Verfassungsbeschwerde unzulässig zurückgewiesen wegen fehlender Darlegung einer Verfassungsverletzung
KI-Zusammenfassung
Der Beschwerdeführer richtete eine Verfassungsbeschwerde an den Verfassungsgerichtshof NRW. Das Gericht wies die Beschwerde als unzulässig zurück, weil nicht hinreichend ersichtlich war, dass eine Verletzung eines verfassungsrechtlichen Rechts vorlag (vgl. §§ 18, 55 VerfGHG). Es fehlte an substanziierten Darlegungen und damit an den formellen Zulässigkeitsvoraussetzungen.

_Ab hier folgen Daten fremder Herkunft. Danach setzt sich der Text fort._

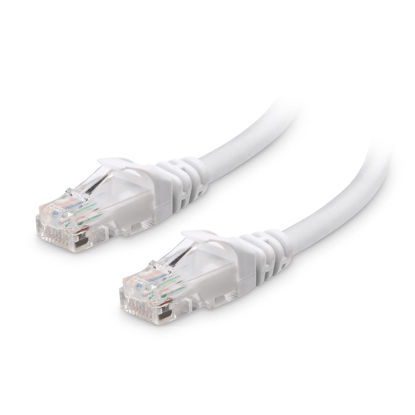 Picture of Cable Matters 10Gbps Snagless Cat 6 Ethernet Cable 20 ft (Cat 6 Cable, Cat6 Cable, Internet Cable, Network Cable) in White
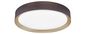 Preview: Nova Luce LUTON LED Deckenleuchte Kaffeebraun 47W Warmweiss 8,5x55cm 9818451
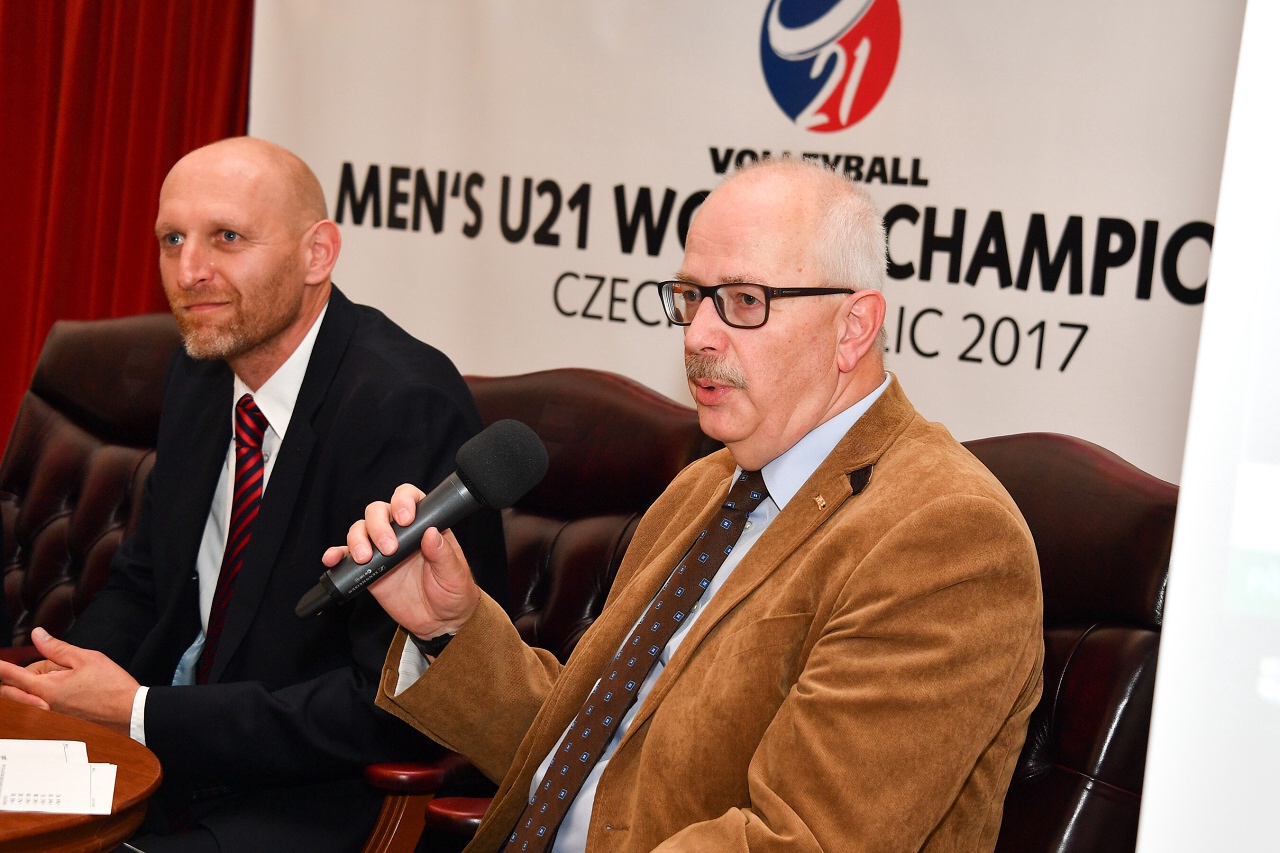 Slavnostní losování základních skupin Mistrovství světa ve volejbale mužů do 21 let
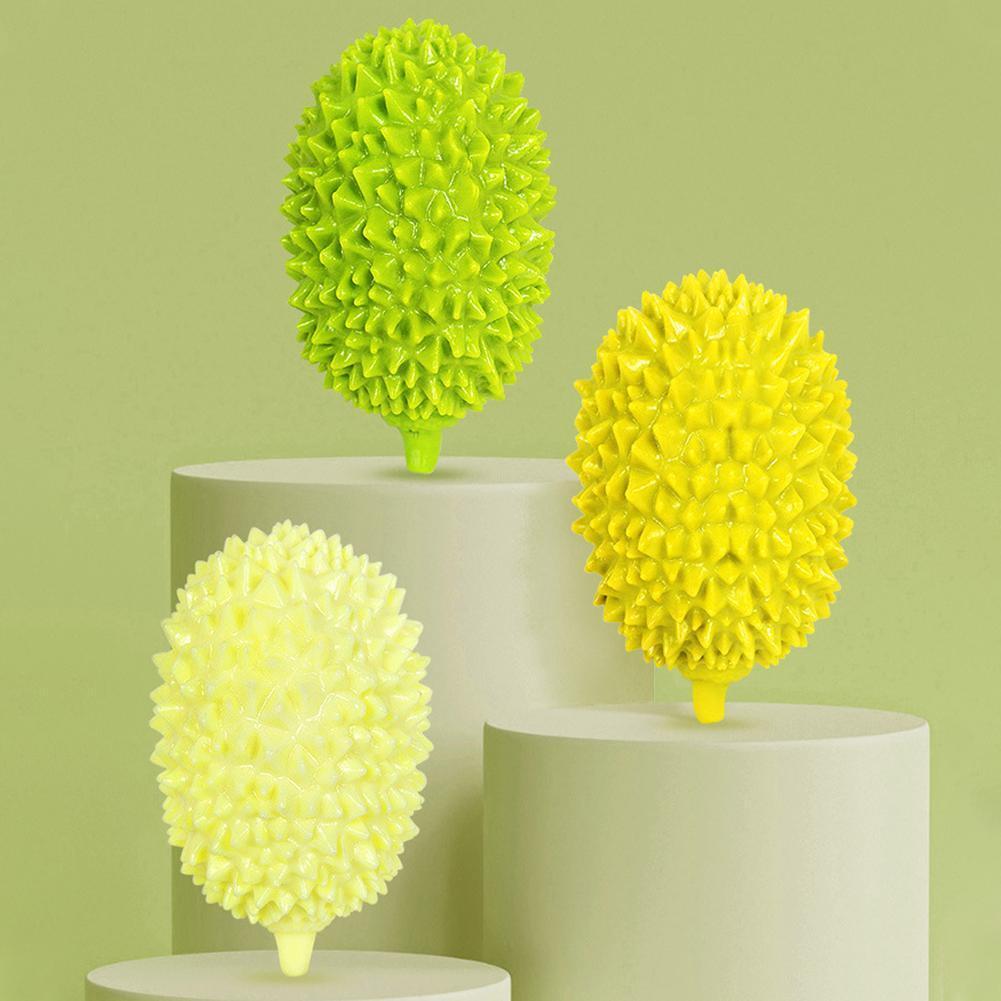 KFX-8903869 Durian Shape Durable Chew Toy for Dogs - Bite-Resistant Tooth Cleaning Ball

Ausgang: Verfassungsbeschwerde als unzulässig verworfen, weil die Möglichkeit einer Verletzung verfassungsrechtlicher Rechte nicht hinreichend dargelegt wurde.
Abstrakte Rechtssätze
Eine Verfassungsbeschwerde ist unzulässig, wenn der Beschwerdeführer nicht hinreichend darlegt, dass die Möglichkeit einer Verletzung eines in der Landesverfassung gewährleisteten Rechts besteht (vgl. § 18 Abs. 1 VerfGHG).
Vage oder pauschale Behauptungen genügen nicht; der Beschwerdeführer muss substanziierte Anhaltspunkte für eine entscheidungserhebliche Verletzung vortragen.
Der Verfassungsgerichtshof weist eine Beschwerde zurück, wenn die gesetzlichen Form‑ und Darlegungsvoraussetzungen des VerfGHG, insbesondere hinsichtlich der Erkennbarkeit einer möglichen Rechtsverletzung, nicht erfüllt sind (vgl. § 55 VerfGHG).
Ist die Unzulässigkeit aus formellen oder darlegungspflichtigen Gründen erkennbar, unterbleibt eine inhaltliche Prüfung der behaupteten Grundrechtsverletzung und die Beschwerde wird zurückgewiesen.
Tenor
Die Verfassungsbeschwerde wird als unzulässig zurückgewiesen, weil sie die Möglichkeit der Verletzung des Beschwerdeführers in einem seiner in der Landesverfassung enthaltenen Rechte nicht hinreichend erkennen lässt (vgl. § 18 Abs. 1 Satz 2 Halbs. 1, § 55 Abs. 1 Satz 1 und Abs. 4 VerfGHG).